Dopo anni di intensi negoziati 136 Paesi sui 140 dell’Ocse, tra cui tutti quelli del G20, hanno un accordo globale sulla cosiddetta minimum tax. A rimanere fuori solo Kenya, Nigeria, Pakistan e Sri Lanka. Si tratta della tassazione minima del 15% su almeno 100 delle grandi multinazionali, a cominciare dai colossi del web. In vigore dal 2023, consentirà ai Paesi di tutto il mondo di raccogliere oltre 125 miliardi di dollari annuali di introiti supplementari. L’obiettivo?
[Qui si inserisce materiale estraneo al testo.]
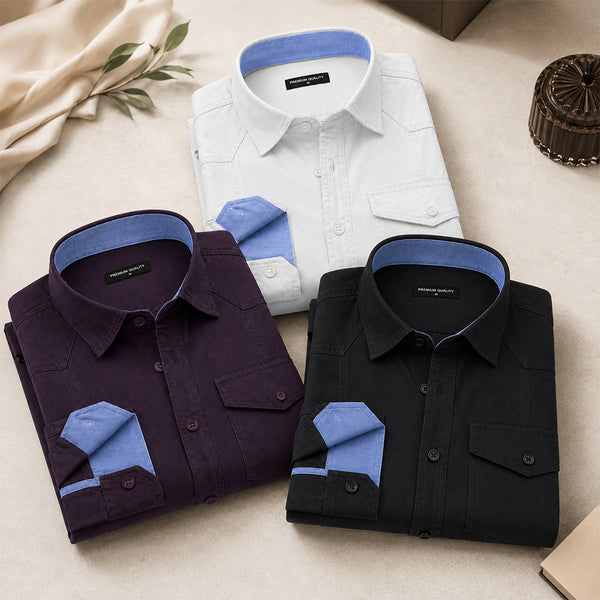 Pack Of 3 Cargo Style White, Wine & Black Shirt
Far sì che queste società paghino la giusta quota di tasse indipendentemente dalle giurisdizioni in cui operano e realizzano un profitto.
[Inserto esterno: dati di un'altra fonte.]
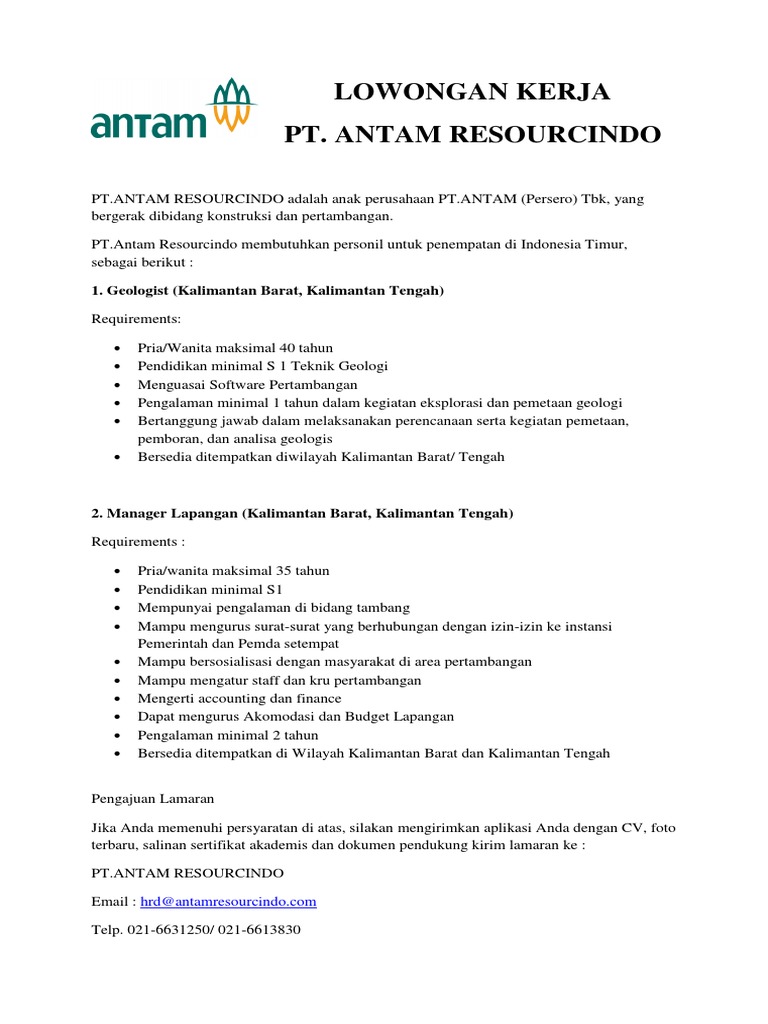 Contoh Surat Lamaran Kerja Ke Pt Antam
Il provvedimento verrà presentato alla riunione dei ministri delle finanze del G20 a Washington il prossimo 13 ottobre e nel corso del vertice dei leader del G20 che si terrà a Roma alla fine dello stesso mese.
“Un grande passo avanti che rende il nostro sistema fiscale globale più equo“, scrive su Twitter Ursula von der Leyen, presidente della commissione europea. “Un momento storico”, lo definisce.
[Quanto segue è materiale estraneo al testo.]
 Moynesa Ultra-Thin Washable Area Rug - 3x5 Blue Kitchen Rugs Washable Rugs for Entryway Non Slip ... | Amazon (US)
“Evviva!” esulta Paolo Gentiloni, commissario europeo all’Economia, sottolineando che “il multilateralismo è tornato“.
Anche il segretario al Tesoro americano, Janet Yellen, ha definito in una nota l’accordo globale sulla minimum corporate tax “una vittoria per le famiglie americane e per la comunità internazionale degli affari“.
Il segretario generale dell’Ocse, Mathias Cormann, ha spiegato che si tratta di un accordo che adatta il sistema fiscale internazionale a un’economia globale digitalizzata.
I welcome today’s agreement on global tax reform.
It is a major step forward in making our global tax system fairer.
The @EU_Commission has been strongly supporting this international effort.
All companies have to pay their fair share.